▸ What is expected
From first line to last, give the records again word for word and omit the pictures.

▸ Records contained in a dataset
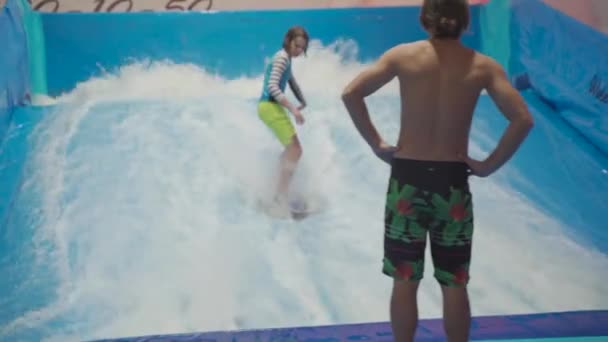 Dítě a instruktor na Flow Rider indoor surfing školení. Teenager na vodní desce školení na simulátoru vlny uvnitř. Mladý surfař během tréninku na generovaných vlnách. Vodní sporty — Stock video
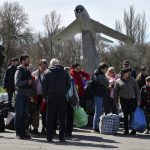 
              People wait to board a bus during their evacuation, with a Soviet MiG-17 fighter jet monument right in the background, in Kramatorsk, Ukraine, Saturday, April 9, 2022. After the bombing of the train station Friday, resident are continuing their attempts to leave the city on buses and other transports. (AP Photo/Andriy Andriyenko)(AP Photo/Andriy Andriyenko)
            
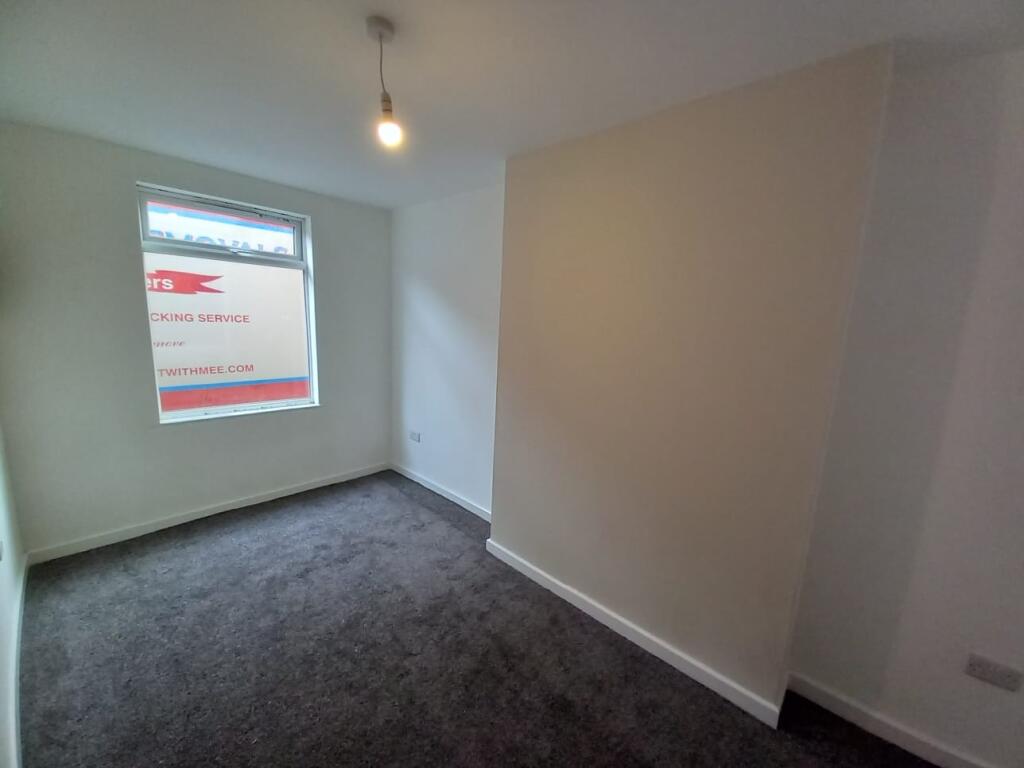 A neat and freshly painted small bedroom with d...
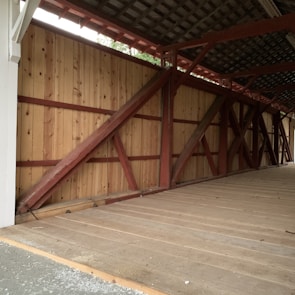 A wooden covered structure with a slanted roof, supported by thick wooden beams that form a series of diagonal and vertical patterns. The ground is covered with planks, and the lighting appears natural, coming from openings on the structures.
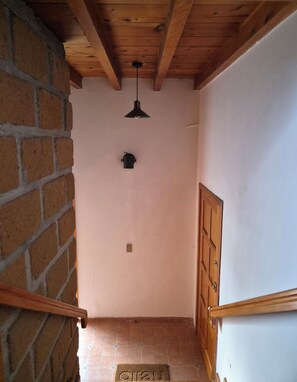 A staircase with a wooden handrail, a brick wall, a ceiling light, and a door. - "Juárez Loft" (Amecameca de Juárez)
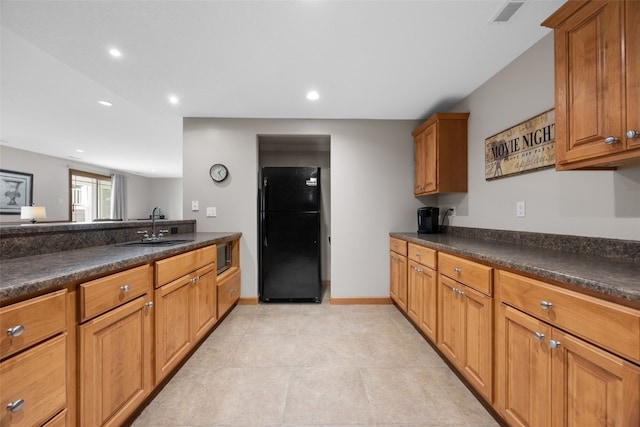 6845 Flint Rock Ct, Marion, IA 52302 - kitchen with freestanding refrigerator, dark countertops, recessed lighting, and brown cabinetry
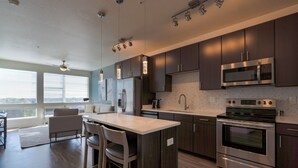 Una cocina moderna con armarios de madera oscura, electrodomésticos de acero inoxidable y una isla grande con taburetes de bar.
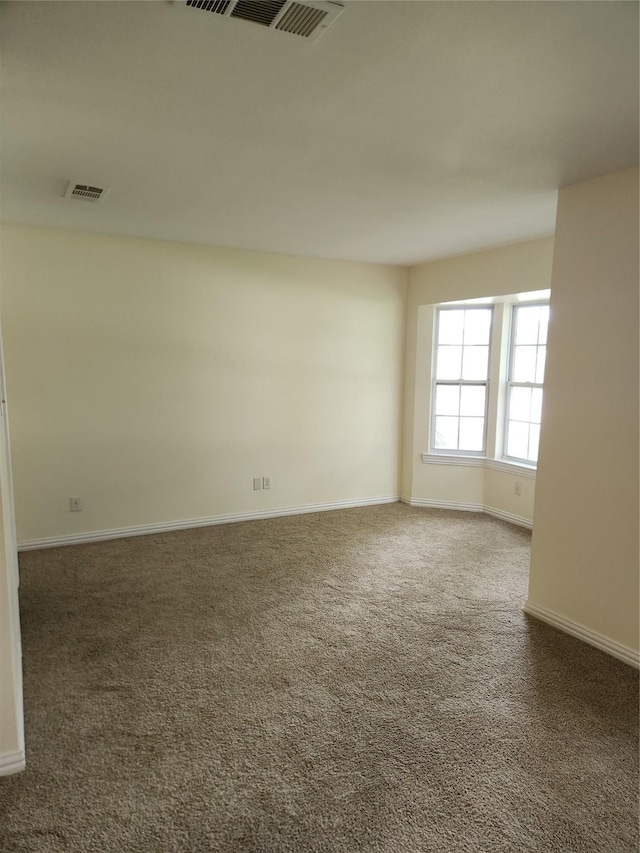 1721 Monaco Dr, Arlington, TX 76010 - carpeted empty room featuring baseboards
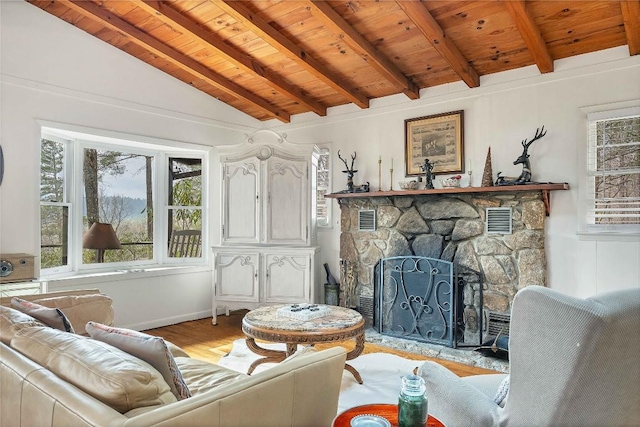 living room with lofted ceiling with beams, wooden ceiling, visible vents, and a wealth of natural light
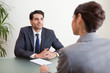 Handsome manager interviewing a female applicant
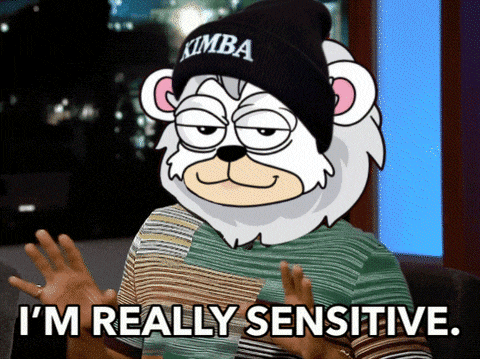 a cartoon bear wearing a beanie that says kimba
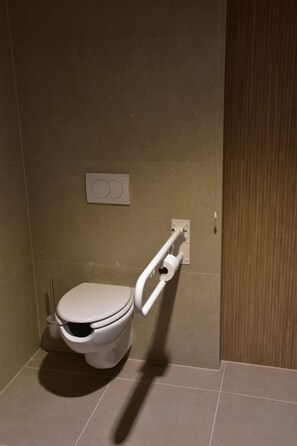 Une salle de bain équipée de toilettes, d’une barre d’appui et d’un bouton de chasse d’eau fixé au mur.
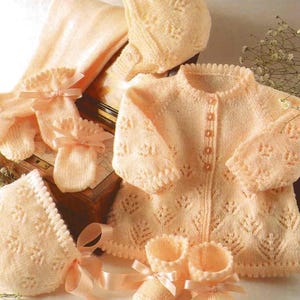Puede incluir: Un conjunto de ropa de bebé tejido en color melocotón pálido. El conjunto incluye un cárdigan, un gorro, botines y manoplas. El cárdigan tiene un delicado patrón de encaje y se abrocha con botones en la parte delantera. El gorro y los botines también están decorados con encaje.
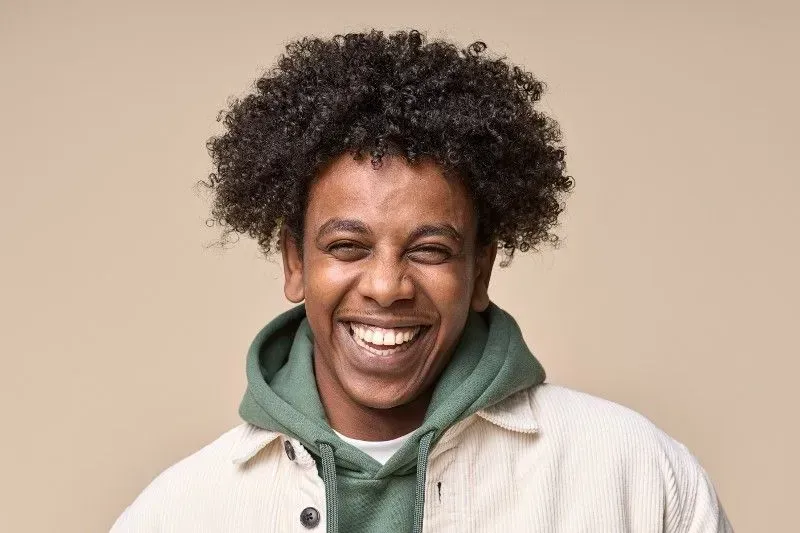 A person with curly dark hair laughing, wearing a green hooded sweatshirt under a cream jacket against a beige background.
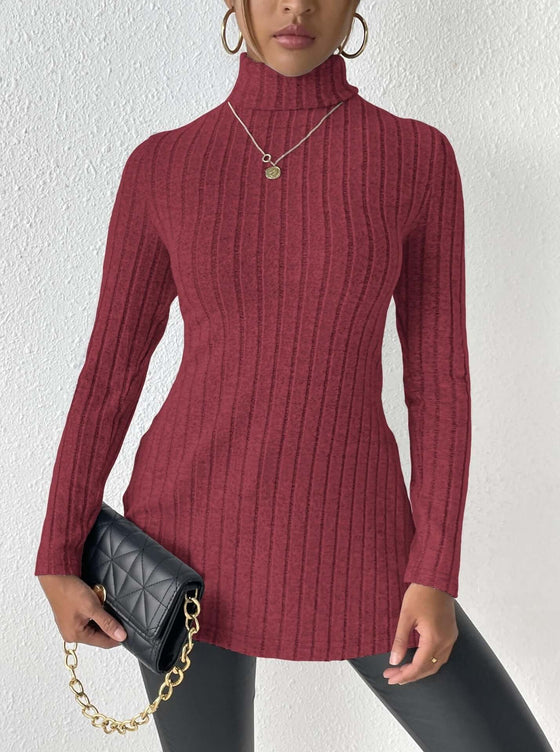 Women's turtleneck pullover sweater in red with ribbed texture, styled with a black quilted clutch.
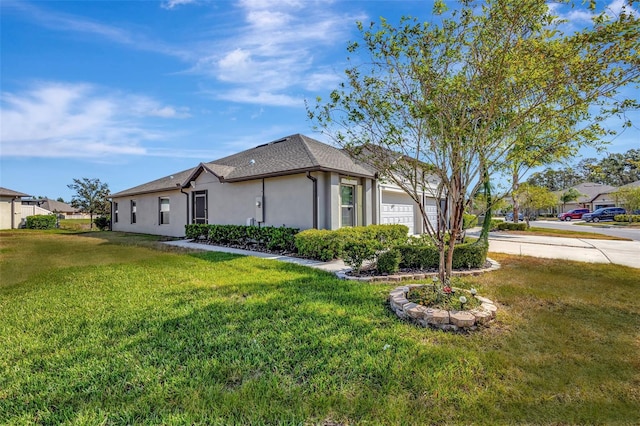 view of home's exterior featuring a garage and a lawn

▸ Expected answer
 Dítě a instruktor na Flow Rider indoor surfing školení. Teenager na vodní desce školení na simulátoru vlny uvnitř. Mladý surfař během tréninku na generovaných vlnách. Vodní sporty — Stock video
              People wait to board a bus during their evacuation, with a Soviet MiG-17 fighter jet monument right in the background, in Kramatorsk, Ukraine, Saturday, April 9, 2022. After the bombing of the train station Friday, resident are continuing their attempts to leave the city on buses and other transports. (AP Photo/Andriy Andriyenko)(AP Photo/Andriy Andriyenko)
            
 A neat and freshly painted small bedroom with d...
 A wooden covered structure with a slanted roof, supported by thick wooden beams that form a series of diagonal and vertical patterns. The ground is covered with planks, and the lighting appears natural, coming from openings on the structures.
 A staircase with a wooden handrail, a brick wall, a ceiling light, and a door. - "Juárez Loft" (Amecameca de Juárez)
 6845 Flint Rock Ct, Marion, IA 52302 - kitchen with freestanding refrigerator, dark countertops, recessed lighting, and brown cabinetry
 Una cocina moderna con armarios de madera oscura, electrodomésticos de acero inoxidable y una isla grande con taburetes de bar.
 1721 Monaco Dr, Arlington, TX 76010 - carpeted empty room featuring baseboards
 living room with lofted ceiling with beams, wooden ceiling, visible vents, and a wealth of natural light
 Handsome manager interviewing a female applicant
 a cartoon bear wearing a beanie that says kimba
 Une salle de bain équipée de toilettes, d’une barre d’appui et d’un bouton de chasse d’eau fixé au mur.
Puede incluir: Un conjunto de ropa de bebé tejido en color melocotón pálido. El conjunto incluye un cárdigan, un gorro, botines y manoplas. El cárdigan tiene un delicado patrón de encaje y se abrocha con botones en la parte delantera. El gorro y los botines también están decorados con encaje.
 A person with curly dark hair laughing, wearing a green hooded sweatshirt under a cream jacket against a beige background.
 Women's turtleneck pullover sweater in red with ribbed texture, styled with a black quilted clutch.
 view of home's exterior featuring a garage and a lawn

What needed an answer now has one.